Oleh karena itu, dalam jangka pendek, kebijakan tersebut mungkin dimaksudkan untuk meminimalkan dampak sosial yang lebih luas, khususnya pengangguran,” jelas Dr. Hempri, Senin (17/11).
Penilaian ini menggarisbawahi kondisi industri domestik yang lesu, di mana sektor padat karya rokok dianggap sebagai salah satu penyangga tenaga kerja.
Namun, Dr. Hempri dengan tegas mengingatkan bahwa fokus ekonomi jangka pendek tidak boleh mengorbankan dimensi kesehatan publik. Ia mendesak agar edukasi dan kampanye tentang bahaya merokok terus digalakkan.
“Tujuan jangka panjang pengendalian konsumsi [rokok] harus tetap tercapai,” tegasnya, menggarisbawahi pentingnya keseimbangan antara aspek fiskal dan kesehatan.
Salah satu argumen utama penolakan kenaikan cukai adalah kekhawatiran meningkatnya peredaran rokok ilegal yang merugikan negara hingga triliunan rupiah. Menanggapi hal ini, Dr. Hempri memberikan pandangan yang lebih komprehensif.

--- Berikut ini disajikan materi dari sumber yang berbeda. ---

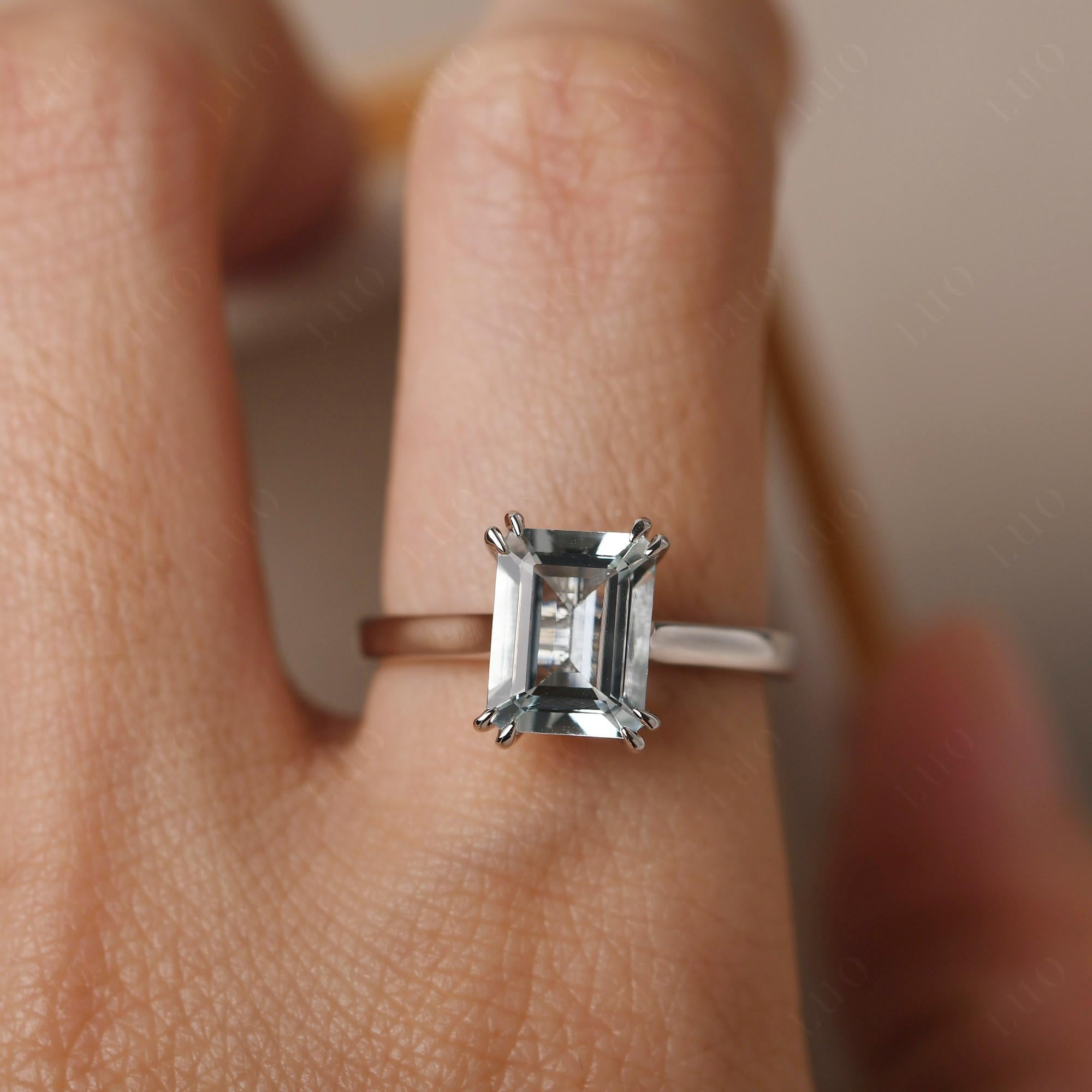 Emerald Cut Aquamarine Solitaire Wedding Ring - LUO Jewelry
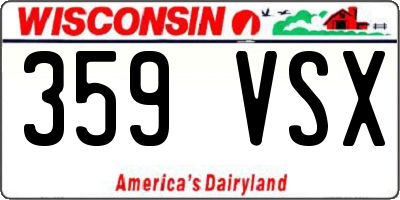 WI license plate 359VSX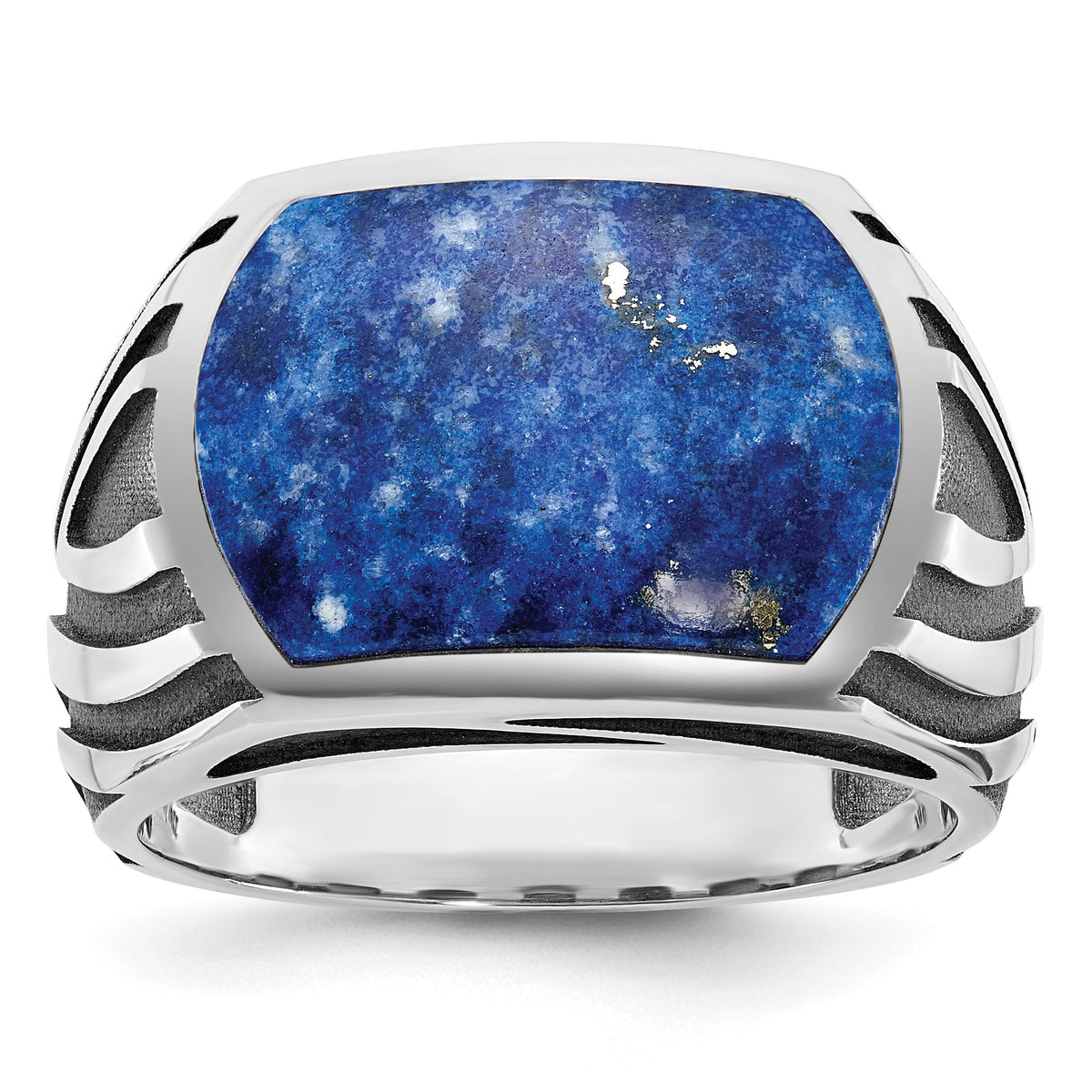 14k White Gold w/Black Rhod IBGoodman Men's Lapis Complete Ring-B84264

“Saya kira merebaknya rokok ilegal tidak semata-mata disebabkan oleh kenaikan cukai legal,” ujarnya.
Menurutnya, faktor yang lebih dominan adalah lemahnya pengawasan dan koordinasi antar lembaga.
Ia menyoroti perlunya penegakan hukum yang komprehensif, melibatkan Bea dan Cukai, kepolisian, lembaga peradilan, hingga lembaga kesehatan, untuk memutus mata rantai peredaran gelap.

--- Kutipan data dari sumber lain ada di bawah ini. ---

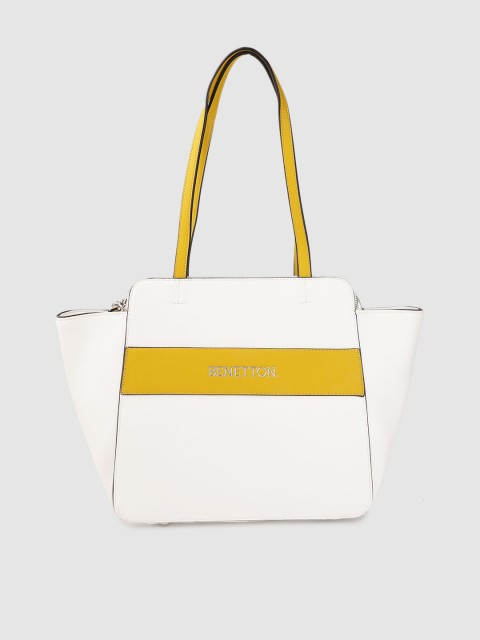 

United Colors of Benetton White & Mustard Yellow Colourblocked Shoulder Bag
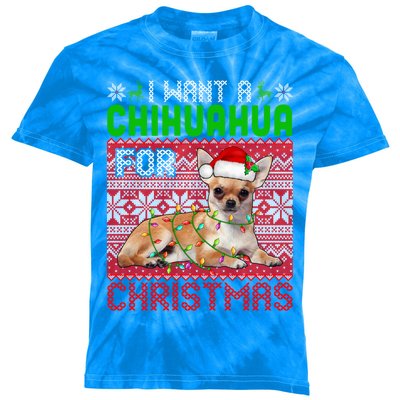 I Want A Chihuahua For Christmas Santa Dog Lover Owner Cute Gift Kids Tie-Dye T-Shirt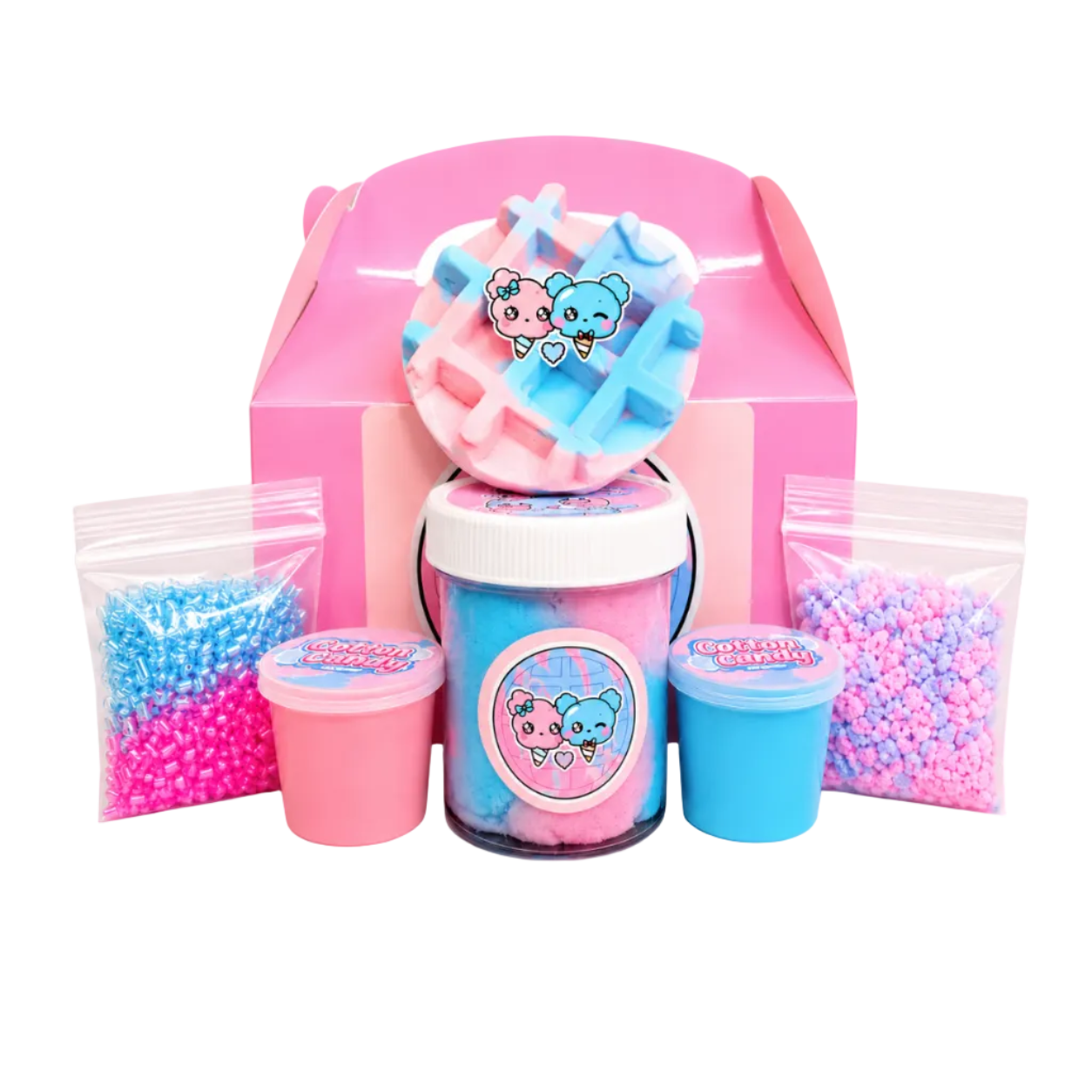 Cotton Candy Waffle Slime Kit – DIY Cloud Slime with Clay & Toppings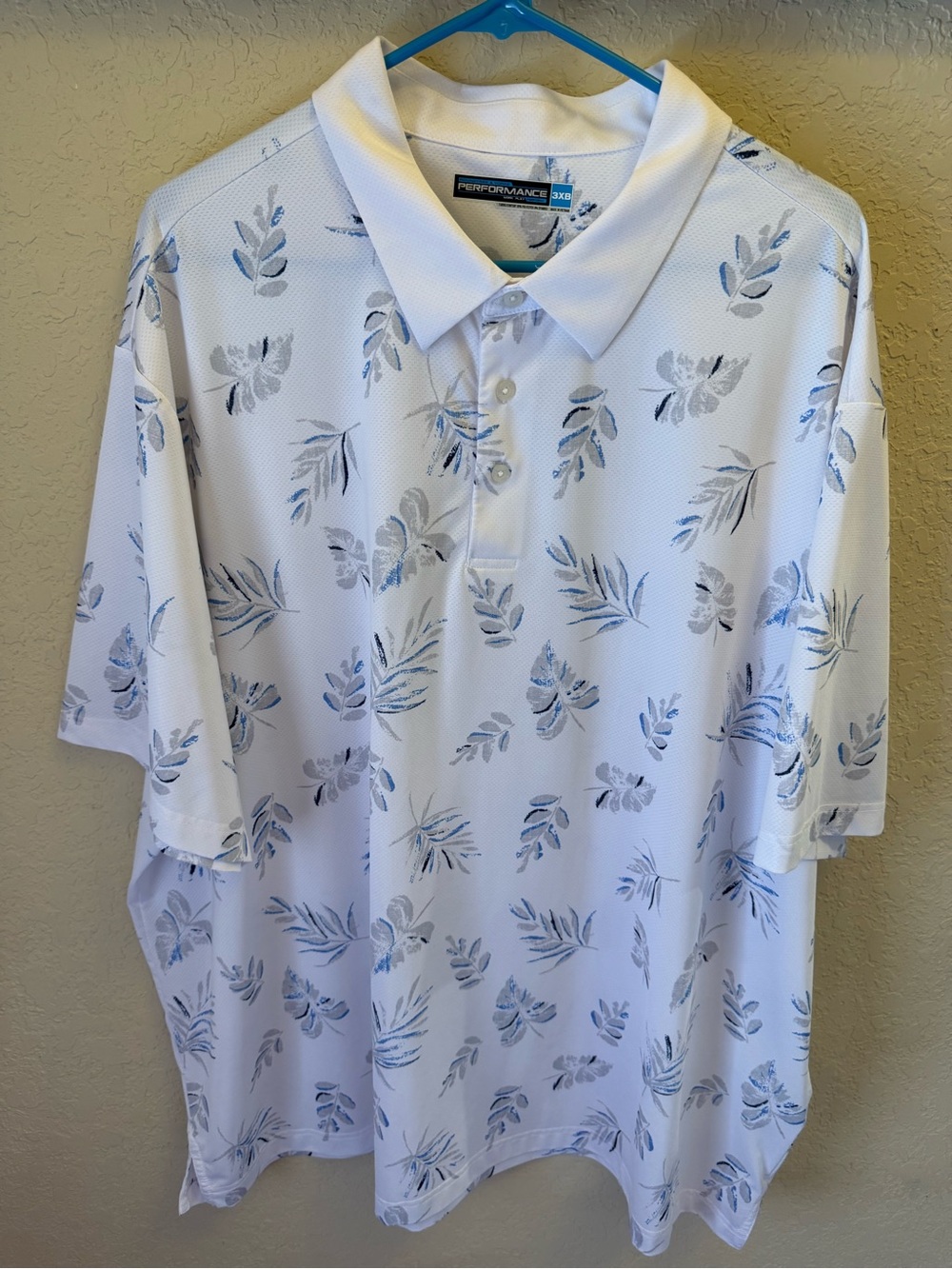 Big and tall Roundtree & Yorke White Polo with Blue Leaf Motif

Dr. Hempri juga menyinggung isu kesejahteraan petani tembakau dan buruh rokok, yang nasibnya kerap dijadikan alasan utama penolakan cukai.
Ia mengungkapkan fakta pahit bahwa kesejahteraan riil petani tembakau tidak sebanding dengan kontribusi besar mereka terhadap penerimaan negara.

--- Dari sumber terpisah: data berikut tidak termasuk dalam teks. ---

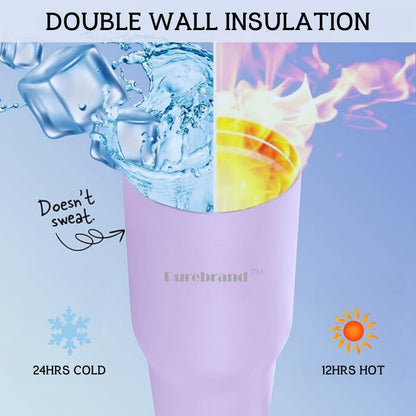 40 oz Tumbler. 100% Leak-Proof Splash-Proof Spill-Proof Lid with Handle and Flip Straw. Double Wall Vacuum Insulated Stainless Steel for Hydration at Home Office Car Gym and Playgrounds (Pink Sand)
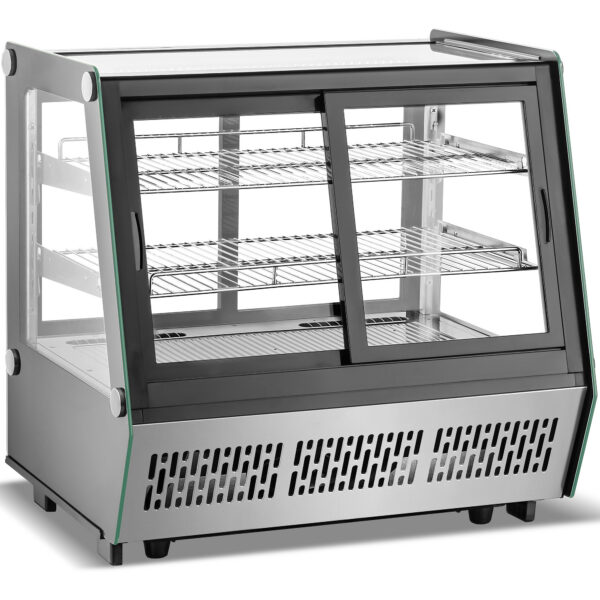 Displeja vitrīnas ledusskapis 160 litri Atveras no priekša un aizmugures 2 plaukti Melns | Adexa CW1601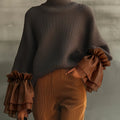 Women'S Elegant Fashion High-Neck Long Sleeve Sweater with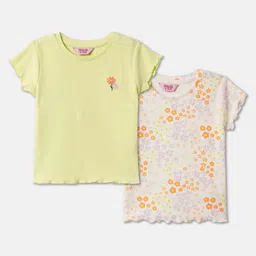 R&B Girls Pack Of 2 Floral Printed Round Neck Regular Sleeves Cotton T-shirt image 1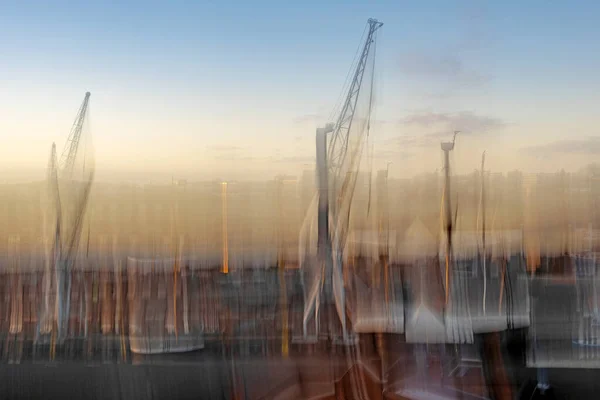 Abstract Blurred Harbor Situation Lubeck Boats Cranes Evening Sun Long — 图库照片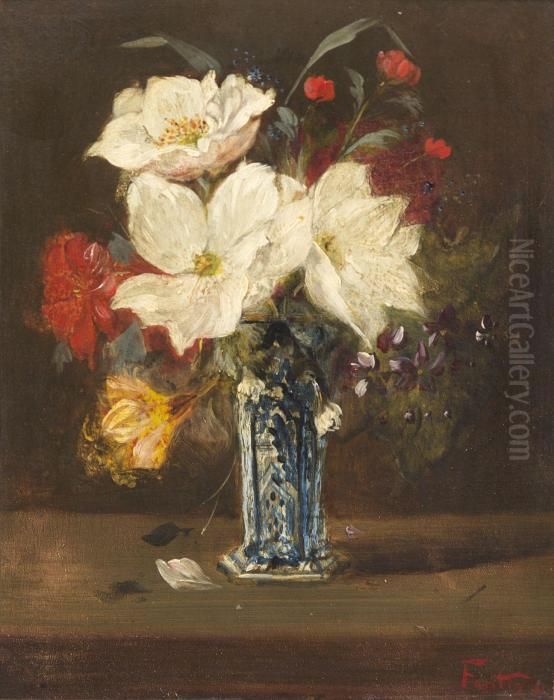 Vase Of Flowers Oil Painting by Victoria Dubourg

Yang lebih dalam, hasil penelitian mahasiswanya pada 2023 menunjukkan kuatnya nilai budaya terhadap tembakau yang dianggap sebagai ‘emas hijau’ oleh masyarakat.
“Meski dalam kondisi ekonomi yang tidak menguntungkan, para petani tetap setia menanam tembakau karena dianggap sebagai berkah,” tuturnya.
Faktor budaya yang mengakar kuat ini, ditambah minimnya pendampingan pemerintah, membuat program alih profesi bagi buruh rokok berjalan lambat. Oleh karena itu, Dr. Hempri mendorong pemerintah untuk tidak hanya melihat isu cukai dari aspek ekonomi.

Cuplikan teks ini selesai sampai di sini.